Yang bikin saya terenyuh tentu cerita tentang petani-petani miskin yang kerap disiksa agar mengingkari Kristianitas. Ujian iman mereka bukan lagi sekadar tentang harta, tahta, atau wanita, tapi berkaitan dengan nyawa mereka. Saya ngeri sendiri, lho, membayangkan siksaan yang harus mereka hadapi karena tidak mau mengingkari iman mereka. Dalam buku ini, sebenarnya, para petani tersebut disuruh oleh pejabat setempat untuk menginjak fumie (di mana fumi berarti menginjak, dan e berarti gambar), yaitu sebuah benda (biasanya merupakan batu dengan ukiran, atau kayu bergambar, atau juga kain yang dilukis) dengan gambar sosok yang dikasihi oleh umat Kristen, yaitu Yesus Kristus dan Bunda Maria.

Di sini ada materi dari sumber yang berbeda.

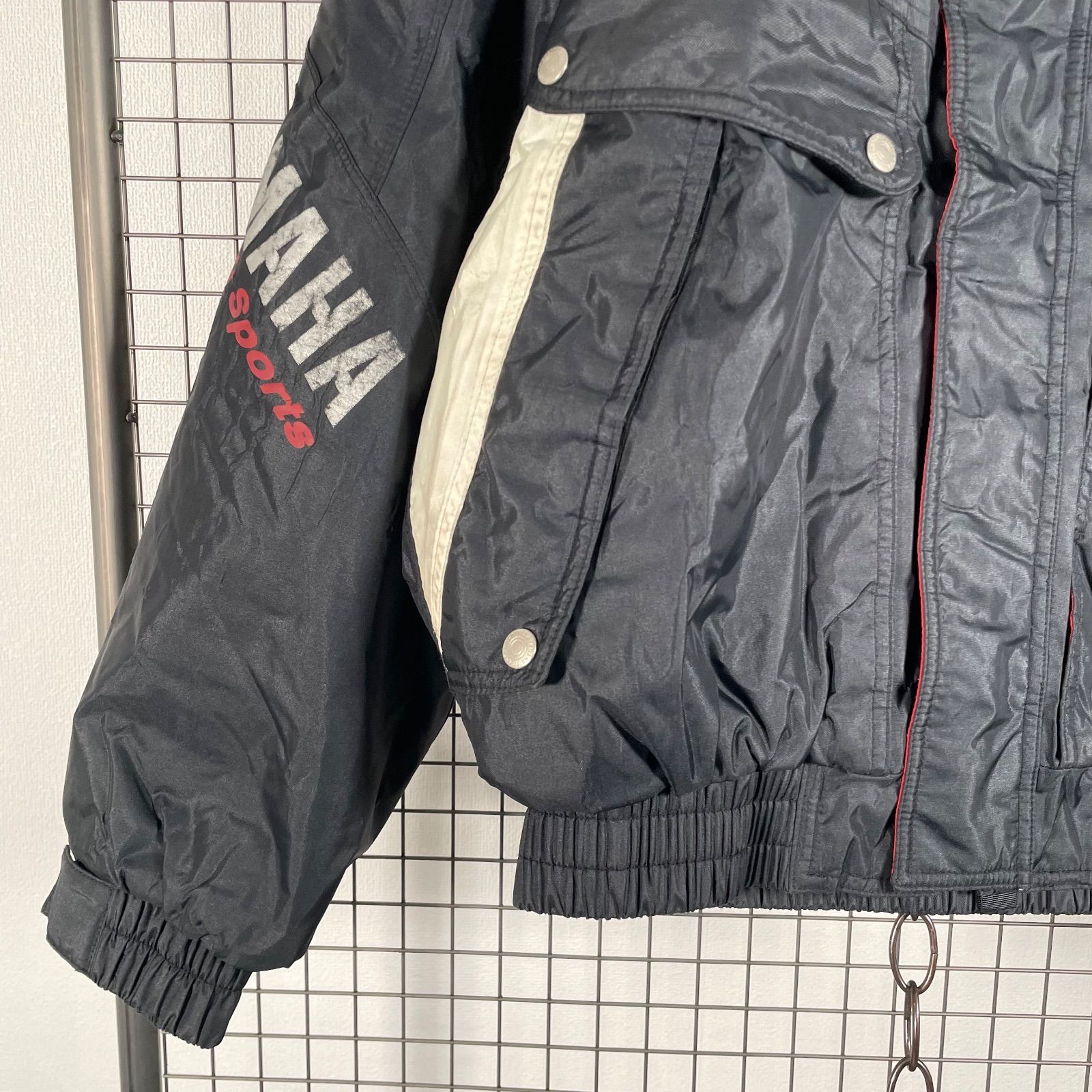 90s Japanese Vintage YAMAHA バイクジャケット ライディング ヤマハ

“Kami menerima laporan bahwa kalian mempraktikkan agama terlarang ini. Bagaimana tanggapan kalian?”
Ketiganya menjawab bahwa mereka penganut Buddha yang taat dan menjalani hidup sesuai ajaran para pendeta Buddha di Kuil Danna.
Langkah berikutnya adalah, “Kalau begitu, injak-injaklah
fumie ini.” (hal.101)

Perintah pejabat kepada petani yang beragama Kristen untuk menginjak fumie adalah untuk membuktikan apakah orang tersebut benar menganut Agama Kristen atau tidak. Melalui buku, perintah tersebut hanya digunakan sebagai formalitas, artinya petani tersebut tetap dapat memegang kepercayaan mereka tapi mereka harus menginjak fumie tersebut sebagai ‘formalitas’. Tetapi, sekalipun itu hanya sebuah formalitas dan dikatakan bahwa menginjak fumie tidak akan membuat mereka menjadi murtad, petani tersebut tetap menolak untuk menginjak gambar orang yang akhirnya mereka kasihi, penolakan itulah yang akhirnya berujung kepada penyiksaan. Tapi, seperti yang sudah saya katakan berulang kali, petani tersebut terus berdoa, melantunkan puji-pujian kepada Tuhan, di tengah penyiksaan mereka. Sekalipun Tuhan hanya membungkam mulutnya.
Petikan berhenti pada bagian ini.